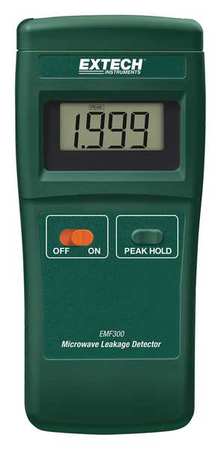 Microwave Leakage Detector,2db,lcd (1 Un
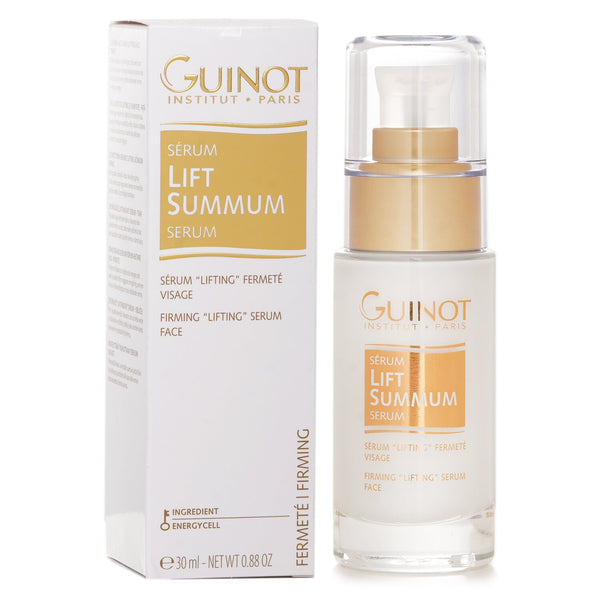 ギノー  Lift Summum Serum   30ml/0.88oz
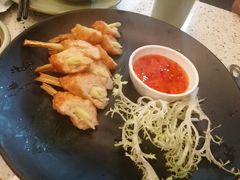 -椰子营·椰子鸡火锅(万象里店)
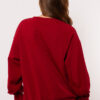 Senara Sweater Fluresk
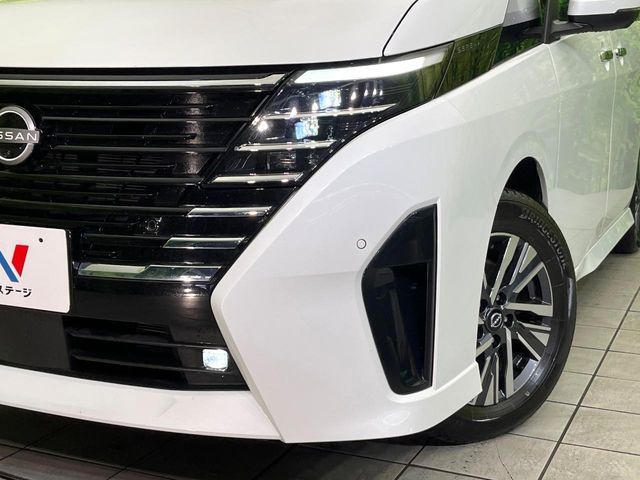 NISSAN SERENA  WG 2023 Image 31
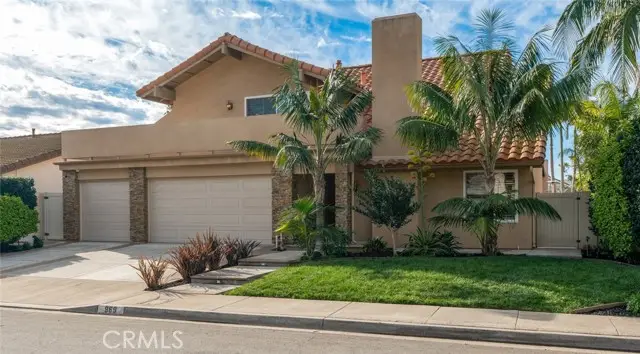 969 Azalea Drive, Costa Mesa, CA 92626 - Image #1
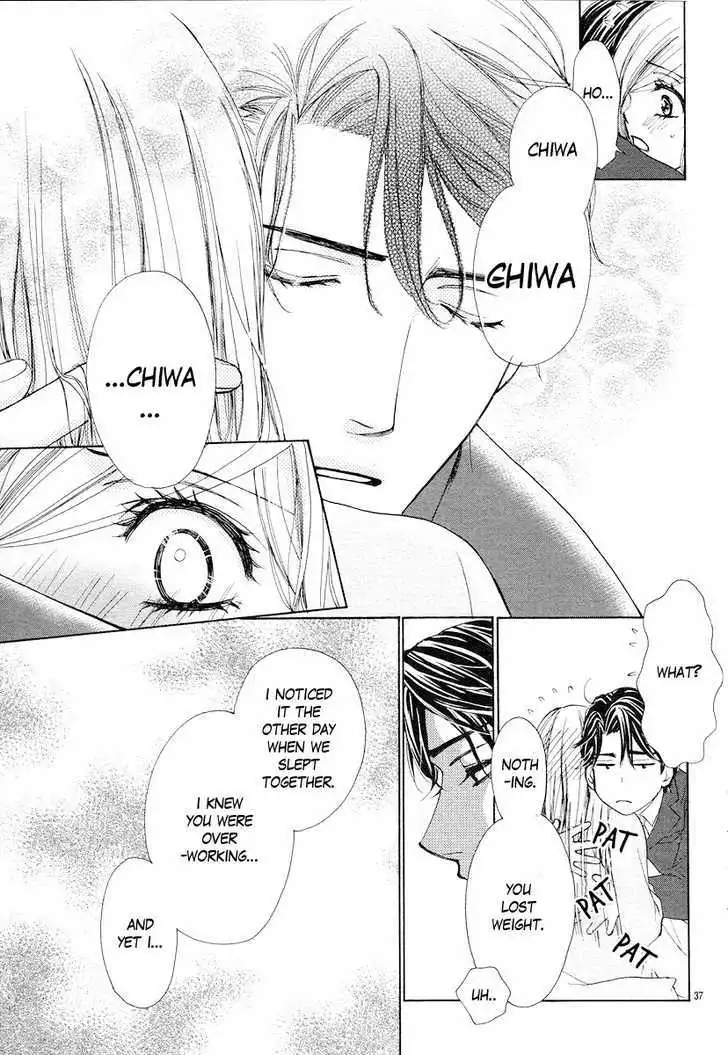 Manga page 38
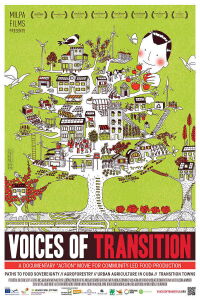 Voices of Transition (2012)
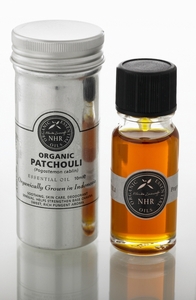 Patchouli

- [Aim of the exercise] An exact copy of the listing is required, excluding any pictures.

- [Result for this task]
 Microwave Leakage Detector,2db,lcd (1 Un
 ギノー  Lift Summum Serum   30ml/0.88oz
 -椰子营·椰子鸡火锅(万象里店)
 Senara Sweater Fluresk
 NISSAN SERENA  WG 2023 Image 31
 969 Azalea Drive, Costa Mesa, CA 92626 - Image #1
 Manga page 38
 Voices of Transition (2012)
 Patchouli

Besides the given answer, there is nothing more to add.